I have written about the rhodium market here several times during the last few years, and I want to repeat again to you my admonition: Buying and selling rhodium for speculation is only for those who can afford to lose large sums of money rapidly. It is a game best played with insider information-not illegal insider information but rather intimate knowledge of the end-user and supply markets-and shouldn't be undertaken by anyone who doesn't have a critical need for physical rhodium, i.e. for an industrial process. There is no 'play' in rhodium for the small investor; and I mean to include in the 'no play' category any recycling 'schemes' not directly involving an end user guarantor of scrap supply and of purchase of last resort. Am I clear?
First, some background on rhodium fundamentals:
The rhodium market is very small, and populated by very few well-known producers and a somewhat greater, though still very small number, of large (compared to the total size of the supply) end users. Those end users consume all of the new rhodium produced and absorb, most of the rhodium recovered by recycling of their own scrap. Some 80% of annual new production of rhodium, a platinum mining byproduct, comes from southern Africa. It recently has been driven up to nearly 825,000 troy ounces a year.
Rhodium has a few, but very important, chemical uses:
- Production of non-reactive (with glass) mostly rhodium-alloy crucibles, and extrusion appliances, called spinnerets, for the fiber glass necessary for fiber optics; and
- The key ingredient of the catalyst used to produce nitric acid, a very important chemical commodity.
Rhodium required for both of those purposes is normally recycled by its original consumer over and over again in the chemical and glass industries. Only an expansion of facilities or the construction of new ones requires the chemical or glass industry to buy 'new, additional' rhodium supplies.
Rhodium's use, though not the actual volumes used, in the OEM automotive industry is even more limited. It catalyzes the reduction of the acid-forming nitrogen oxides (NOx)-from internal-combustion engines' exhaust emissions-back to harmless nitrogen. This last use is critical for vehicles makers in all but a dwindling number of countries. This because almost all nations now prohibit the production or sale of vehicles powered by internal combustion engines unless they are fitted with a catalytic converter to assure complete combustion of unburned hydrocarbons and carbon monoxide. Simultaneously it ensures the reduction of NOx formed during the combustion process back to elemental nitrogen. For this last function, only rhodium is economically effective.

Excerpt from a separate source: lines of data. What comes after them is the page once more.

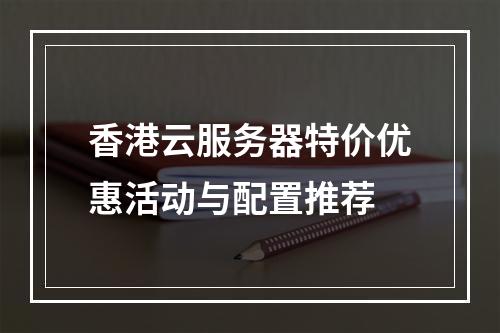香港云服务器特价优惠活动与配置推荐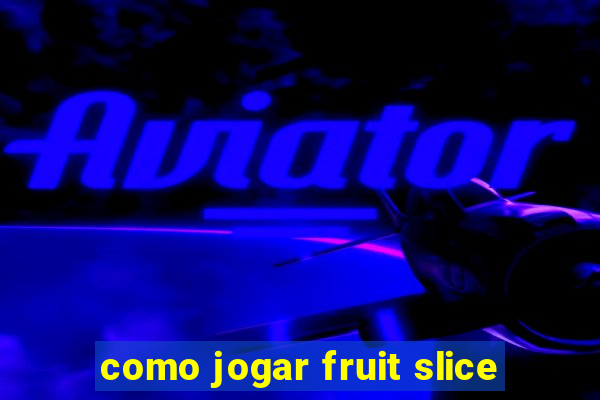 como jogar fruit slice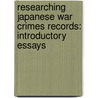 Researching Japanese War Crimes Records: Introductory Essays door United States Government
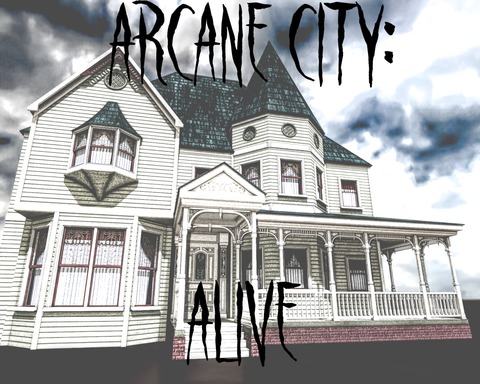 Arcane City: Alive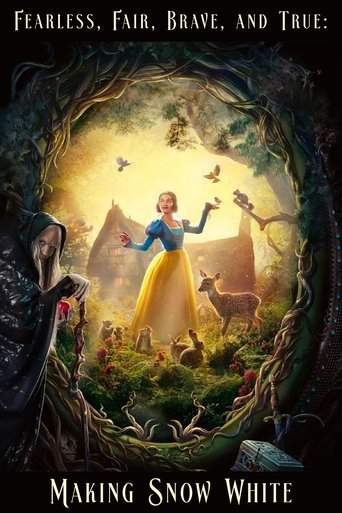Poster of Fearless, Fair, Brave, and True: Making Snow White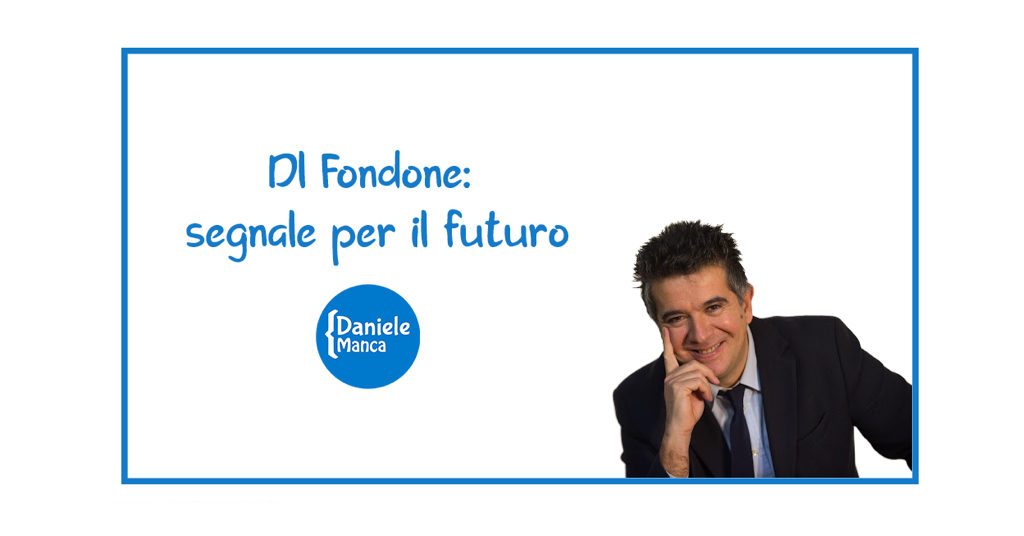 Dl Fondone: segnale per il futuro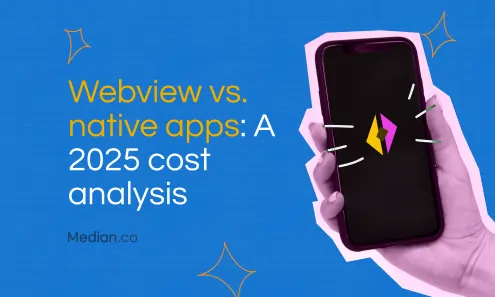 Webview apps vs. native apps: Cost analysis 2025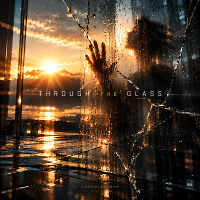 Through the Glass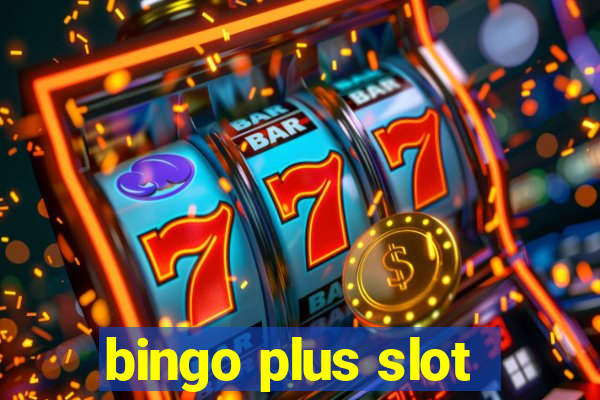 bingo plus slot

The global OEM automotive industry, by far, is the largest user of rhodium. It's been estimated that as much as 85% of the annual rhodium supply-both from new mine production and from recycling of spent auto catalyst-goes into the production of automotive exhaust-control catalytic converters. In 2007 this would have amounted to some 850,000 ounces of the 1,000,000 ounces of rhodium mined and recovered from recycling for that year.
At this point 2007's total global production of surface-road vehicles was 85 million units. On May 21, 2008, Purchasing.com published the following story: Johnson Matthey: Rhodium demand is exceeding supply. On August 20, 2008, Purchasing.com published this article: Rhodium price plunges to 8-month low--precious metal drops 50% since June.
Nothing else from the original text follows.